Keywords

1 Introduction

The spread of prosumers in smart grids has forced companies to offer sustainable energy services using bidirectional flows [1, 2]. Currently, prosumers consume their own energy, but when production is not enough, they demand it from the utilities. In contrast, when they produce a surplus, they inject it into the public grid to get an economic incentive in return [3]. According to several investigations, optimizing energy management is one of the most essential factors in the use of renewable systems [1, 4]. Efficient consumption benefits prosumers in reducing bills or even fully covering their energy needs; however, it is necessary to guide them in the transition to this process [3]. Fortunately, the interaction with technological applications (e.g. recommender systems, customer service portals) has demonstrated positive results by helping prosumers reduce energy costs in the long term [5,6,7].

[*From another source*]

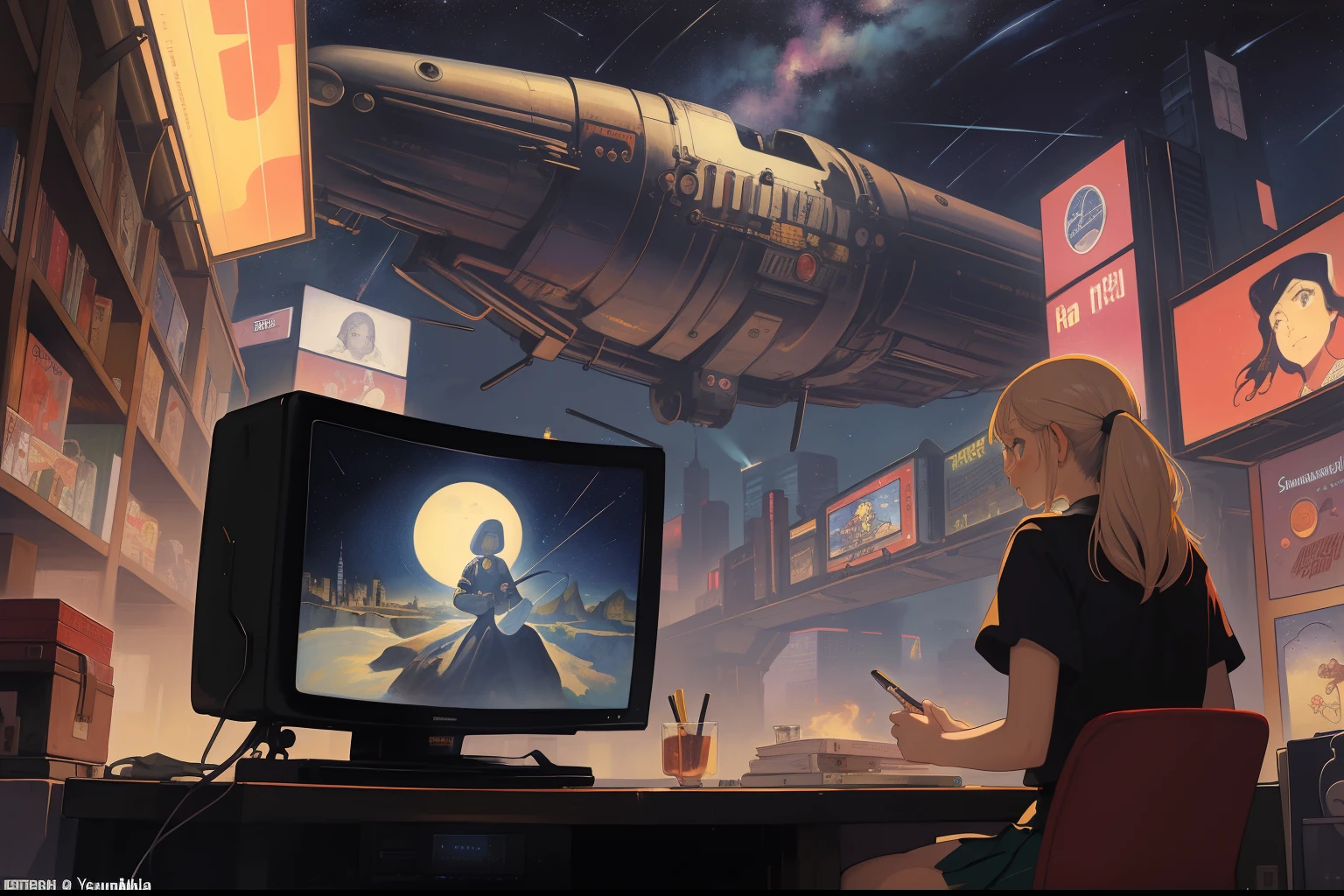 masterpiece, best quality, 2girls, (schoolgirls), (tv sets), cyberpunk, salvador dali, jacek yerka, andy warhol, kazimir malevich, march, starry skies, cosmos, tribal,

On the other hand, utilities are responsible for collecting consumption data from smart meters at different intervals (e.g. hourly, daily). Analysis of this data combined with additional variables (e.g. weather and energy prices) [8, 9] can help them identify consumption patterns. Currently, there are several applications that allow the utilities to forecast energy demand and supply. Usually, these applications consider different factors such as weather conditions, socio-economic data and energy load profiles (e.g. BDEW standard load profiles).Footnote 1 Some of these applications are currently used mostly at the level of (larger) network operators or by large utilities for better short-term management of supply and demand.

Using forecasting applications involves complex machine learning processes usually based on black-box processes [10] that can be challenging to follow by users with non-technical knowledge in the area [11]. The internal functioning cannot be easily interpreted in terms of understanding how the forecasting process results obtained were actually produced. Knowing input and output data, but not being able to understand the procedure performed to calculate the forecasting can be a concerning situation, especially for small municipal utilities who are often not used to using sophisticated modeling and simulation approaches.

In order to provide an explainable forecast process (avoiding the black-box procedure), we propose to provide a method for heuristic day-ahead forecasting based on direct interaction with a visual analytics system. The idea is to model and implement analytics procedures that allow the utility analyst to inspect and compare historical data with respect to the available attributes characterizing the day ahead (e.g. weather conditions, month, day of the week and related factors) in order to identify consumption patterns that could likely correspond to the expected situation on the next day. This process could combine both manual as well as semi-automatic analysis (with the system suggesting similar days and periods based on criteria defined by the analyst). Supporting this exploratory process with appropriate interactive visualizations can aid the manual analysis to support the sense-making of the information presented and to allow the analyst to determine day-ahead forecasting in a heuristic and explainable manner.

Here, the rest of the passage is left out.